Flanderspanders · 30/09/2025 21:46

I'm struggling with my son's behaviour at the moment, particularly after school. I'm not sure if we're just in a difficult stage, or if it's suggestive of something else going on? I'm not looking for anyone to "diagnose", but could you all humour me a bit and let me write out a series of things that I'm struggling with?

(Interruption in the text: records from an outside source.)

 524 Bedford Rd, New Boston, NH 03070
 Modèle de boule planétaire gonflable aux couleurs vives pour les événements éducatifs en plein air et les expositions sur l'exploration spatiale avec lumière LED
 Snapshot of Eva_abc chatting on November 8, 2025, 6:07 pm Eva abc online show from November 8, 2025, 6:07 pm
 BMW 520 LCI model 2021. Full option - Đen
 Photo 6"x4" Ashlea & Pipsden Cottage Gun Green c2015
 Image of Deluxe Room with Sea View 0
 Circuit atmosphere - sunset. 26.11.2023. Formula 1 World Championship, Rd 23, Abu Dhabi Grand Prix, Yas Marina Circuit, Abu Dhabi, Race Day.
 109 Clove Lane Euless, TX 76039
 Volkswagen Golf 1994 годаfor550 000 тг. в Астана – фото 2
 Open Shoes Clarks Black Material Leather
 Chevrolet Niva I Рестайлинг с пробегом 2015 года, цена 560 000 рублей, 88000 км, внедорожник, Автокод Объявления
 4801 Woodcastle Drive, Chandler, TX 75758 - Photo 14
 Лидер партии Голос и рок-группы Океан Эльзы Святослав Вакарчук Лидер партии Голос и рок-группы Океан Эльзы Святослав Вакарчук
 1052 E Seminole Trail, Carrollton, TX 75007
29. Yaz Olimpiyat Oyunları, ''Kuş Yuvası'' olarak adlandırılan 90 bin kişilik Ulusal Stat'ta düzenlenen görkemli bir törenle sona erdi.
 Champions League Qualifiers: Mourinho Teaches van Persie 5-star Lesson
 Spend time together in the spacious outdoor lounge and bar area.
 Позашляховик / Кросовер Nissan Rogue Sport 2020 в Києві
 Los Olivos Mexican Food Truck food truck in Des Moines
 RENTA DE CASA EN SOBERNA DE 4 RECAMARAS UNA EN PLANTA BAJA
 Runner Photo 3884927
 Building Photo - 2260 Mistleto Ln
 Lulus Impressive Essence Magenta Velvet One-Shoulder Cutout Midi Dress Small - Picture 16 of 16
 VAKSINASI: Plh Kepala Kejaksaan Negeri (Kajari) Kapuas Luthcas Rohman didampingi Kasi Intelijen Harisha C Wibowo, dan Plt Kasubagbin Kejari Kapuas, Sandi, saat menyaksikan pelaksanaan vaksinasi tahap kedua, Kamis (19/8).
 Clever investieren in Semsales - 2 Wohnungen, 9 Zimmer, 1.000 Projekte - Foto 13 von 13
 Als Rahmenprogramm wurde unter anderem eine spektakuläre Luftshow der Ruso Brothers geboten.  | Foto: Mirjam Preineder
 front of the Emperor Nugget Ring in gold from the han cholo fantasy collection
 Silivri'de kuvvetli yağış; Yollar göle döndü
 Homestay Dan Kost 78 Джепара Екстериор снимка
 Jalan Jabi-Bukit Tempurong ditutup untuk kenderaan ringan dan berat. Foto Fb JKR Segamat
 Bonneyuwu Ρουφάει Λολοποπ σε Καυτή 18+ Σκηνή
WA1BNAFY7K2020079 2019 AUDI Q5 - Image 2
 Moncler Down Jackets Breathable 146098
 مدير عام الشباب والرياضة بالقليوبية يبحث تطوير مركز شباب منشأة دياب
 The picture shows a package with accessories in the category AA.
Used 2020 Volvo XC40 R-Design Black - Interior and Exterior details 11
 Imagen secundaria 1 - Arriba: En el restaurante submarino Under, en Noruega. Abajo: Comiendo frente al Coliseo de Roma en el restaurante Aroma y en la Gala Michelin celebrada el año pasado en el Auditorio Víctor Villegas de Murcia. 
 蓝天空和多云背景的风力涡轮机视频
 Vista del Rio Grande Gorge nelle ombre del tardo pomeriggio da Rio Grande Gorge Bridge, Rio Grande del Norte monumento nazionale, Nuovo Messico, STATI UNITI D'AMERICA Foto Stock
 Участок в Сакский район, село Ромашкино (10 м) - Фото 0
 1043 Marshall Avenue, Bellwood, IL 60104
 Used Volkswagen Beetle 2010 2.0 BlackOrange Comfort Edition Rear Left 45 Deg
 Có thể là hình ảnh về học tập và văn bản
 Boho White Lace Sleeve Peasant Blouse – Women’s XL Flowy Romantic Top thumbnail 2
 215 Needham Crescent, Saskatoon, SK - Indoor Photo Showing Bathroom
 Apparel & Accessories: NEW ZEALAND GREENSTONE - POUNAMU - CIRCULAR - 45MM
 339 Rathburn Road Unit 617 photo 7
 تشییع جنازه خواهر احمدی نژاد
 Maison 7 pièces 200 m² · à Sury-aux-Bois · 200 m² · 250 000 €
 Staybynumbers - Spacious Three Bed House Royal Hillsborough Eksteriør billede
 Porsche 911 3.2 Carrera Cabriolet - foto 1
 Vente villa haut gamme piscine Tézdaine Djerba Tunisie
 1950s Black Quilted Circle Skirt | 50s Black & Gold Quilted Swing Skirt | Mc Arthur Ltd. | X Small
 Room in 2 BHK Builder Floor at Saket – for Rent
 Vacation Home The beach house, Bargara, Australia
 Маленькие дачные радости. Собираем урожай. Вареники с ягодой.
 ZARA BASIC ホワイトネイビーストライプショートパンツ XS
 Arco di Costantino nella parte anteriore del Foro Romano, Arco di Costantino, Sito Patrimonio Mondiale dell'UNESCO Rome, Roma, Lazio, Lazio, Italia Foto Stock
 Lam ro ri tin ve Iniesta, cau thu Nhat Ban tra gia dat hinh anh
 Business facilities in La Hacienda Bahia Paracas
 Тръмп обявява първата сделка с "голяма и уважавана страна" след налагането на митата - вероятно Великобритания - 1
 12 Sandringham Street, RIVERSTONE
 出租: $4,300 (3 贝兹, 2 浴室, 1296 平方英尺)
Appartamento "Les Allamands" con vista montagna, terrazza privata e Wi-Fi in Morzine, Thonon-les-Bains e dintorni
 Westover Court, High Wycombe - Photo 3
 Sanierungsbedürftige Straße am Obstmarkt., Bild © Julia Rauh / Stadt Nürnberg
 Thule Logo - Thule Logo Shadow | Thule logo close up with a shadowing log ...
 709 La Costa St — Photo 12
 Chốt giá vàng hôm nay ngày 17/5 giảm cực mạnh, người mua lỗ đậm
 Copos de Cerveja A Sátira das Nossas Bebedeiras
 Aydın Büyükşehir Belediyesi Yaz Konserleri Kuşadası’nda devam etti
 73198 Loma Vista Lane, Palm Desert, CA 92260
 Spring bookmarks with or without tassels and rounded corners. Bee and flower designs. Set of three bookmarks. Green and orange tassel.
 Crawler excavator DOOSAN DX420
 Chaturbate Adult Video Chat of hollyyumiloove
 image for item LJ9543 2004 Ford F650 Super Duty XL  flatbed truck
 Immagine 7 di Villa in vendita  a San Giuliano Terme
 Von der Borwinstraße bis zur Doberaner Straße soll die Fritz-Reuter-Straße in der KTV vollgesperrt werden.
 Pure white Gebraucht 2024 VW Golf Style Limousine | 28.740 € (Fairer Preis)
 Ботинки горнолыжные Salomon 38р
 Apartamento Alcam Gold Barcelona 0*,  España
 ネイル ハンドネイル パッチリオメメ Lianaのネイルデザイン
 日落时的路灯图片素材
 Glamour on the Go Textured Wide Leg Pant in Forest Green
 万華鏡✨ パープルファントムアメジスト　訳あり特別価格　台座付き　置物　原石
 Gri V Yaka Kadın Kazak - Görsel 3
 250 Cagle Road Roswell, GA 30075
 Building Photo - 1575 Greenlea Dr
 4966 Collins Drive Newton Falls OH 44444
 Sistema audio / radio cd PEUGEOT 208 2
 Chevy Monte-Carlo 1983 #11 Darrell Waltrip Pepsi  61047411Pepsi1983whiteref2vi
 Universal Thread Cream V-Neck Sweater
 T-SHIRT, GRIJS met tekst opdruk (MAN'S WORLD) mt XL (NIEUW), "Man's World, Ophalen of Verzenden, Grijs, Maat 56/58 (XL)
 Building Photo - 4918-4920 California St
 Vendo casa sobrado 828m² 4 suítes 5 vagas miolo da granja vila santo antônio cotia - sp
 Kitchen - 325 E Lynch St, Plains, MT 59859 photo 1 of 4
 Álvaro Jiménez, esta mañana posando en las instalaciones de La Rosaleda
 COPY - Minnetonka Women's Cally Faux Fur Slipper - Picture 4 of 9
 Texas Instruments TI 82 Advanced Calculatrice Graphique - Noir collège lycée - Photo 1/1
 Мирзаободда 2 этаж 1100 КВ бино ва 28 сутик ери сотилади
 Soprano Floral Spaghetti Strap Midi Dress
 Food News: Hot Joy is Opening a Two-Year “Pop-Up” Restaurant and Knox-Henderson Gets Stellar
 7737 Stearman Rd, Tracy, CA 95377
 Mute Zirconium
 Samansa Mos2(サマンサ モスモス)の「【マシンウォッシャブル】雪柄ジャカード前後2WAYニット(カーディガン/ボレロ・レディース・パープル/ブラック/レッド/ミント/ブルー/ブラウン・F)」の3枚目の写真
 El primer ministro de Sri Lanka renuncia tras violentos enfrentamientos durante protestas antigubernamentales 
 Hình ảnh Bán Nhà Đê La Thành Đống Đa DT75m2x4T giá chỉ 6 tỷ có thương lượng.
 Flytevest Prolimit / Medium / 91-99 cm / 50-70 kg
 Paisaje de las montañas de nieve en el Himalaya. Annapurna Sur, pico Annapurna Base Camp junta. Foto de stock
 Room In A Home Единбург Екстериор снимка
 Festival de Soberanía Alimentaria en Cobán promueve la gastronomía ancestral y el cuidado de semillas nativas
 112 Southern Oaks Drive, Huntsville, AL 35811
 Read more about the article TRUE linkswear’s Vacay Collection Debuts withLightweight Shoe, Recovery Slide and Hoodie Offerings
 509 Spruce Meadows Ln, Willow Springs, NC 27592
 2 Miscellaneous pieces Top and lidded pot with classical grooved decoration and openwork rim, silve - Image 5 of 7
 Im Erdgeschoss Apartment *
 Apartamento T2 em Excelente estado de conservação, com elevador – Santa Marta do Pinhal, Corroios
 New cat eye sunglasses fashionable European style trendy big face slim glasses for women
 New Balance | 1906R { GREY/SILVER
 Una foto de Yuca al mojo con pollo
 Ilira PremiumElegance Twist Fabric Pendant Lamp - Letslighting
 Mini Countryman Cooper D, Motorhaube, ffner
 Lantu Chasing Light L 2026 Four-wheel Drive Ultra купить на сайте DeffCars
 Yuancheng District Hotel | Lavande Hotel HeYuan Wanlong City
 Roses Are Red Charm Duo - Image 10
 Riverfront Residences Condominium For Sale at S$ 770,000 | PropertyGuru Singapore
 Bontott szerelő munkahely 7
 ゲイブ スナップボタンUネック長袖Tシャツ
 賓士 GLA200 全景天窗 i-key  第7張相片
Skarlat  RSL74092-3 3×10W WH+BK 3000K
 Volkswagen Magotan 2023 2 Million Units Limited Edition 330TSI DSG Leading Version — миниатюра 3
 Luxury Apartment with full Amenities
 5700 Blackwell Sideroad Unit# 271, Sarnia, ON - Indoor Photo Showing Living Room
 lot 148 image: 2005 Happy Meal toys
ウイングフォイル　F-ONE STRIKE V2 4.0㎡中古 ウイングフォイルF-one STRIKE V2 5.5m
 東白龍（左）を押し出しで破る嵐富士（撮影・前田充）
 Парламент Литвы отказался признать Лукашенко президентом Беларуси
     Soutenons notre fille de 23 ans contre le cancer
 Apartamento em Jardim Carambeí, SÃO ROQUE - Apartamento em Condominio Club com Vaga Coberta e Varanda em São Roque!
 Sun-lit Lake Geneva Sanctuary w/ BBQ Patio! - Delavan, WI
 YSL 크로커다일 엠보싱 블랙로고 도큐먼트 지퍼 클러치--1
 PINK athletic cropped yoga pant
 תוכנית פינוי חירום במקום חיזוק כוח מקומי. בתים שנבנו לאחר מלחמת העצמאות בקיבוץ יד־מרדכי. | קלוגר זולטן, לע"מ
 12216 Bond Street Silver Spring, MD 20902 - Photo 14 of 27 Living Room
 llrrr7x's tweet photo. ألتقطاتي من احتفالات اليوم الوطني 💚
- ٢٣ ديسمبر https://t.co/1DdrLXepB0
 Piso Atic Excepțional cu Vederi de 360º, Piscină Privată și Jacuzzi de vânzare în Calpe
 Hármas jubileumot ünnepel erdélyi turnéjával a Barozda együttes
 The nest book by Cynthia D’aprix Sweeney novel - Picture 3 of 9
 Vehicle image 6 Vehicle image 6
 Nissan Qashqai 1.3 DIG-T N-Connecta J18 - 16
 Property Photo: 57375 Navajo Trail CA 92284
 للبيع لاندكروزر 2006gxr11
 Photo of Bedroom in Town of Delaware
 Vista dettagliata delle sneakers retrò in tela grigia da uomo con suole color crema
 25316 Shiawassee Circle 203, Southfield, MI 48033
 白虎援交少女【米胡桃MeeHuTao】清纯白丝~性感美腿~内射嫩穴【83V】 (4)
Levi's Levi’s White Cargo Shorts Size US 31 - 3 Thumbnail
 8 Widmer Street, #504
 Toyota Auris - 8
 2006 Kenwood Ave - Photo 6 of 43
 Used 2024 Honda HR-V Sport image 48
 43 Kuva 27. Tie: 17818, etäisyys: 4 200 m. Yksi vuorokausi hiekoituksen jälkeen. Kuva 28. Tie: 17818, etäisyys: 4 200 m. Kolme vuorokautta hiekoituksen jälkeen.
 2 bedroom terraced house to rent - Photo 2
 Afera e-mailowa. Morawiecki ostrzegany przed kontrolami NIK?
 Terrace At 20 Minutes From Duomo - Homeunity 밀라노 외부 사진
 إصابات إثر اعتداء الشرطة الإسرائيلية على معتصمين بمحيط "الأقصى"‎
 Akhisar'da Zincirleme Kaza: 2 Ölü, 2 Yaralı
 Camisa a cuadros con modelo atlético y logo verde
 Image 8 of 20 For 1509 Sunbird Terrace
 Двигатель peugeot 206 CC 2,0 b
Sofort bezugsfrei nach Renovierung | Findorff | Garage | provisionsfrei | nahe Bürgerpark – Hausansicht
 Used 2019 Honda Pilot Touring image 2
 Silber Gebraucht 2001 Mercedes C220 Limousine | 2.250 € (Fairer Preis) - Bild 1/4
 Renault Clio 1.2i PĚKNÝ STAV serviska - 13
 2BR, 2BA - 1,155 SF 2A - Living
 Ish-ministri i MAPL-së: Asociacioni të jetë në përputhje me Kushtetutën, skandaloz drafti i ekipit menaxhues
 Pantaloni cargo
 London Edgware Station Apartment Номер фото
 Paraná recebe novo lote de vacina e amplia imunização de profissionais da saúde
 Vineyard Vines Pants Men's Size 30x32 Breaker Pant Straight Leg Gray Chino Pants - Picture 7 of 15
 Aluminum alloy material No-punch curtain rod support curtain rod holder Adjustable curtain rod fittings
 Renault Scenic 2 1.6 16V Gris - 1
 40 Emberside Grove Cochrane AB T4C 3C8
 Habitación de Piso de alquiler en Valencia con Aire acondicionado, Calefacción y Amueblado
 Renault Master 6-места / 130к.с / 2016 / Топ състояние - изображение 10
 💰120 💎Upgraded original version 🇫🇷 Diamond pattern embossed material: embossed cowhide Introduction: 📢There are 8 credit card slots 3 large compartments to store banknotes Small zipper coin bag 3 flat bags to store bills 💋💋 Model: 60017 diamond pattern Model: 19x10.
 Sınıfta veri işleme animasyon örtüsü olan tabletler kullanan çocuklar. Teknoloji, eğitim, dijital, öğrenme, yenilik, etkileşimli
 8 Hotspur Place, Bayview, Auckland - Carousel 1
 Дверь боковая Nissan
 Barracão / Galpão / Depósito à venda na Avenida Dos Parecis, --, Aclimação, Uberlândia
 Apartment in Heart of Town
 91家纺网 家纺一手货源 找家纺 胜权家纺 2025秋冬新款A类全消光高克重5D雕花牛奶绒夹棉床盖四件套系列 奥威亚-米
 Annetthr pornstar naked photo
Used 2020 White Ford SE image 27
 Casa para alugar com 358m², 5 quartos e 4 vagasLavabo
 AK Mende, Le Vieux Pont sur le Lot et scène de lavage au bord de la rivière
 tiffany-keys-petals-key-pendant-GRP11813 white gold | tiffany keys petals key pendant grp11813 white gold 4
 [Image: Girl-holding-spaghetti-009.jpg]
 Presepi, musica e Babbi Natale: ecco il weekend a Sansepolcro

So, first of all he'll answer back to everything I say. For example, earlier I said something like "Everybody needs help now and again" and he completely ignored the sentiment, just very abruptly (and rudely) said "Not EVERYBODY!"
He then really focuses on that aspect rather than actually talking to me. I honestly don't know if he takes things literally, or is trying to push me somewhat. If I was to say "I've told you a hundred times already"...he'd say "Not a hundred times" and then constantly challenge "well you said a hundred times and it's NOT a hundred times".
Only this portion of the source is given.